I can obviously see that it must be a logical error somewhere, but I have been trying to debug this for a pretty long time and I think a fresh set of eyes could maybe see what I'm missing cause I really can't find anything wrong.
Full code I am running:
//Here is my complete code that I run and that behaves as specified above.
#include <iostream>
#include <stdlib.h>
using namespace std;
// function to print the array
void print(char * a[],int l, int r)
{ for(int i=l;i<=r;i++) cout << (i+1) << ": " << a[i] << endl; }
static const int M = 1;
void insertion(char** a, int l, int r)
{ int i,j;
char * temp;
for(i=1;i<r+1;i++)
{ temp = a[i];
j = i;
while((j>0) && strcmp(a[j-1],temp)>0)
{ a[j] = a[j-1];
j = j - 1; }
a[j] = temp; } }
//merging a and b into c
void merge(char ** c,char ** a, int N, char ** b, int M)

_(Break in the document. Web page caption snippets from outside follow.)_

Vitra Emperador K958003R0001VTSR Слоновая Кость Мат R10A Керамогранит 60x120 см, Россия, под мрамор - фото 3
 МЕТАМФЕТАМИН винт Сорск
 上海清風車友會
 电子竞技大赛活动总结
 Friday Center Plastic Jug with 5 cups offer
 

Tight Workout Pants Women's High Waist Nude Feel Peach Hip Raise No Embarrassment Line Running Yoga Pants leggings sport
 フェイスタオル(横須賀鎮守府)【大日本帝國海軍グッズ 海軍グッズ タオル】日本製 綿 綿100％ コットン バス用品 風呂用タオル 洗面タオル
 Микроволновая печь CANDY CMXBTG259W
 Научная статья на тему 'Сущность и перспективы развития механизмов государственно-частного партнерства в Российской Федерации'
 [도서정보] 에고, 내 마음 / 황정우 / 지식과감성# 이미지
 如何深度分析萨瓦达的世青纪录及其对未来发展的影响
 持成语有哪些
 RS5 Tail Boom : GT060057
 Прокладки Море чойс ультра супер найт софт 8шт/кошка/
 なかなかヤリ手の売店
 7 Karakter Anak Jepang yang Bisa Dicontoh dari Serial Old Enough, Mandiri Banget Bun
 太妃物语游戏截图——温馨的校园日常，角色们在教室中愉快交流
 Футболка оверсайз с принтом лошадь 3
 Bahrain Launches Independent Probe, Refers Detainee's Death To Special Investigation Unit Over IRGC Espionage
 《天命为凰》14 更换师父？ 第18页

{ for (int i=0, j=0, k=0; k<(N+M); k++)
{ if(i == N) {c[k] = b[j++]; continue; }
if(j == M) {c[k] = a[i++]; continue; }
c[k] = strcmp(a[i], b[j])<0 ? a[i++] : b[j++]; } }
void mergesortAux(char ** a, char ** b, int l, int r)
{ if(r-l <= M) { insertion(a, l, r); return; }
int m = (l+r)/2;
mergesortAux(b, a, l, m); //merge sort left
mergesortAux(b, a, m+1, r); //merge sort right
merge(a+l,b+l,m-l+1,b+m+1,r-m); } //merge
void mergesort(char ** a,int l, int r, int size)
{ static char ** aux = (char**)malloc(size*sizeof(char*));
for(int i = l; i<size; i++) aux[i] = a[i];
mergesortAux(a,aux,l,r); }
//free(aux); } I removed this piece of code as suggested, I realize it's unnecessary
int main(int argc, char * argv[])
{ int size = 6;
char **data = (char**)malloc(size*sizeof(char*));
data[0] = "A";
data[1] = "Z";
data[2] = "W";
data[3] = "B";
data[4] = "G";
data[5] = "C";
print(data,0,size-1);
printf("---------------------------\n");
mergesort(data,0,size-1,size);
printf("---------------------------\n");
print(data,0,size-1);
return 0;
}
Output:
1: A 2: Z 3: W 4: B 5: G 6: C --------------------------- --------------------------- 1: A 2: G 3: W 4: W 5: Z 6: Z
Upvotes: 0
Views: 514
Reputation: 35891
Your whole code is completely messed up.
You're confusing the input array with the output array, with an attempt to sort in place all the time. Your code formatting is terrible. Your variable names are terrible. You're using redundant arguments (you're passing size
along with the index range l
and r
). You confuse the meaning of the index ranges. There are so many things wrong with this code, that I could just describe here whole night.
However, only the last one is the critical here:
In this line:
{ if(r-l <= M) { insertion(a, l, r); return; }
You attempt to sort the l
to r
part of the array a
. However, the l
index is not used in the insertion
function so it modifies a
from 0
to r
inclusive. r
suggests that it's the right index, but is used in this method as the array's size.
The simplest fix is to change it to:
if(r-l <= M) { insertion(a+l, l, r-l); return; }
But fixing the insertion
method to handle the indexes properly is probably a better idea.
Also, I strongly recommend you clean up the whole code. This is unmaintainable. This is unreadable. This is the darkest side of C
. I won't ever understand why people can't use understandable function/variable names, use structs to represent composite concepts and partition the logic into small readable parts. As if writing in C
forced you to think that you're setting the individual bits in processor's registers and couldn't use a variable name that is more than 1 character long.
Even you - the author of this code have problems understanding it. This is a strong suggestion that there are some serious problems with it :)
Sorry for the frustration, I couldn't resist the puzzle and wasted a lot of time on this :)
Upvotes: 2